Postmortem: e-Transfer Outage on July 14th | INC146221 - P1
Summary:
On Wednesday, July 13th Central 1 released an update to our ActiveMQ servers used for queueing e-Transfers. The update caused a memory problem resulting in two outages on July 13th and 14th. The change was rolled back at 12:15 a.m. PT on July 15th recovering service stability.
Postmortem:
On Wednesday, July 13th Central 1 deployed changes to digital banking (CHG125476) and the Real Time Engine (RTE, CHG125440) to support an ActiveMQ upgrade. After the change was completed the memory consumption increased (PRB010947), causing several e-Transfer outages (MD, Forge, API, EEA) within the next 24 hours. Each outage was resolved by restarting services (ActiveMQ and PSA servers).
After the rollback at 12:15 a.m. PT (3:15 a.m. ET) services were closely monitored throughout the 15th, with no spike in memory consumption or resources observed.

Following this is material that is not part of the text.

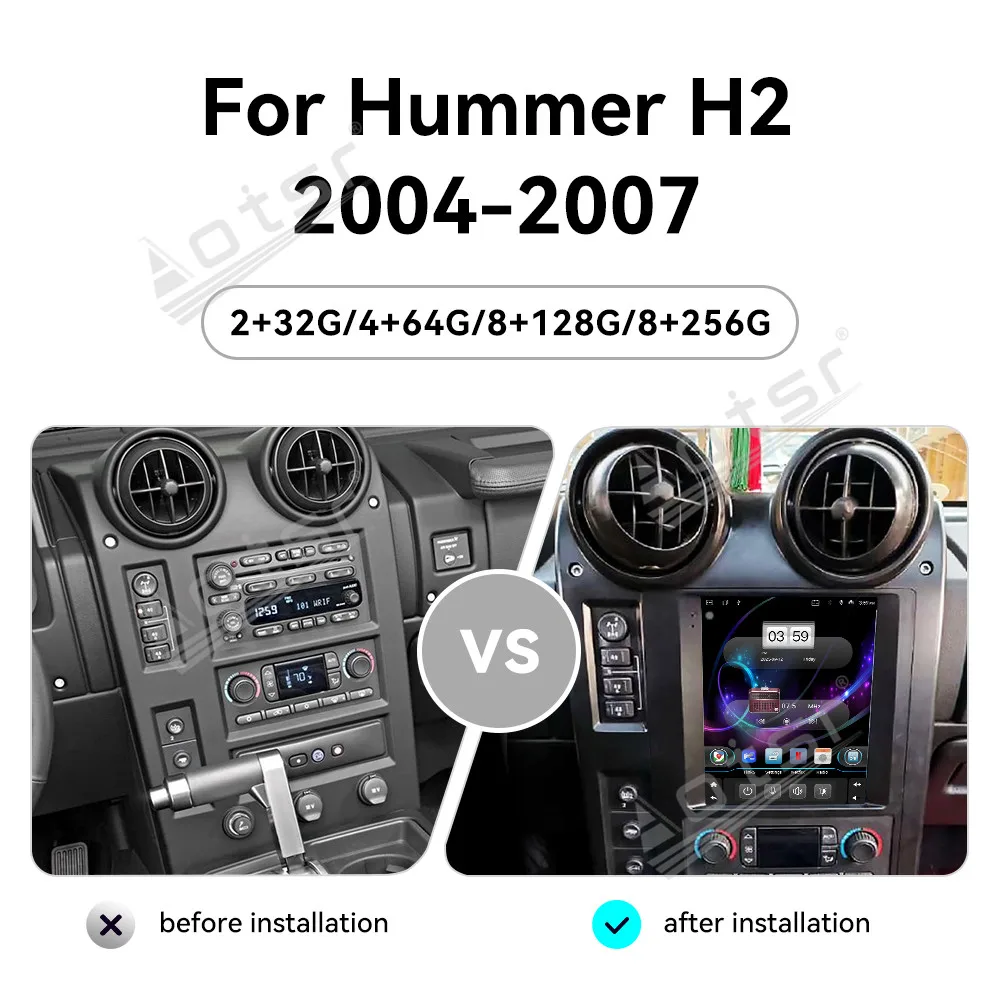 2026,10.4 안드로이드 13 허머 H2,2004-2007용, GPS 내비게이션 카플레이 카 라디오 터치 스크린 MTK 멀티미디어 플레이어 4G 맞춤형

The point of failure was configurations in the ActiveMQ causing memory to fill to the point of server failure. A change was made to separate out the batch processing with online e-Transfer in the ActiveMQ (CHG126835) which has reduced memory consumption to acceptable levels.
Impact Assessment:
Affected Service(s): e-Transfers (V3.4 and lower)
Affected FI’s: All e-Transfer customers
Affected End Members: Estimated to be between 4-6k e-Transfer impacted
Impact windows: A total of 1 hour and 7 minutes
Central 1 Actions:
PRB010947 – ActiveMQ memory consumption root cause analysis – PS Software
Due Date: November 2022
RITM319782 – Improve QA performance testing for ActiveMQ changes– JR
Due Date: December 2023
• Need ways to improve our performance testing (capacity). Crash testing | testing limits of the system.

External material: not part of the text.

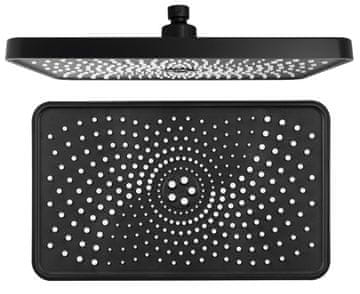 SAPHO Matirana crna kvadratna tuš-glava, silikonske mlaznice, 300x180mm, AntiCalc tehn.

RITM319783 - Add the JMX Heap Memory monitoring to ongoing 24x7 alerting – Andrew
Due Date: December 2023
• Tried to set it up – created a bunch of false alarms – need to be tuned
• Start just by graphing the buckets
RITM319784 – Improve our release strategy to not complete changes in tandem – JR
Due Date: December 2023
• Decoupled the changes to for less complexity in releases/less dependencies.

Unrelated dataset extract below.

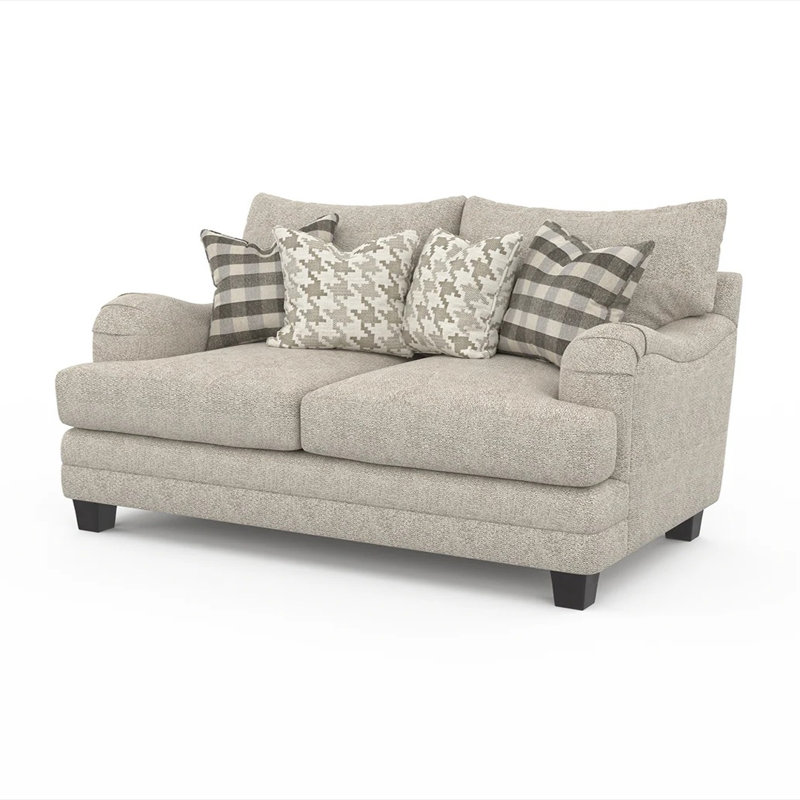 68.4" W Transitional Loveseat, Light Gray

RITM319785 – Improve monitoring of the e-Transfers service – Andrew
Due Date: December 2023
• Add the JMX Heap Memory monitoring to ongoing 24x7 alerting
• Add new/lower threshold monitoring for memory
RITM319787 – ActiveMQ Improvements – Andrew/Daryl
Due Date: December 2023
• Trace Logging - Move to dedicated consumer/MQ
• Consumer Capacity Management
• Tune the Heap/GC (20G heap is very big)
• Move towards 'Managed Active MQ on AWS/Azure
I apologies for the impact to your members e-Transfer service this incident caused. Part of Central 1’s Operational Excellence commitment is to improve our post-production testing of our releases. We know the actions we are taking from this postmortem will help to immediately mitigate incident impacts from servers’ releases like the ActiveMQ.
Central 1 completes a significant amount of testing for all of our Digital Banking core releases to help ensure we deploy bug free code mitigating unintended incidents from occurring. We will continue to strive for bug free releases. If you have any questions from this incident, please don’t hesitate to reach out to me.
Jason Seale
Director, Client Support Services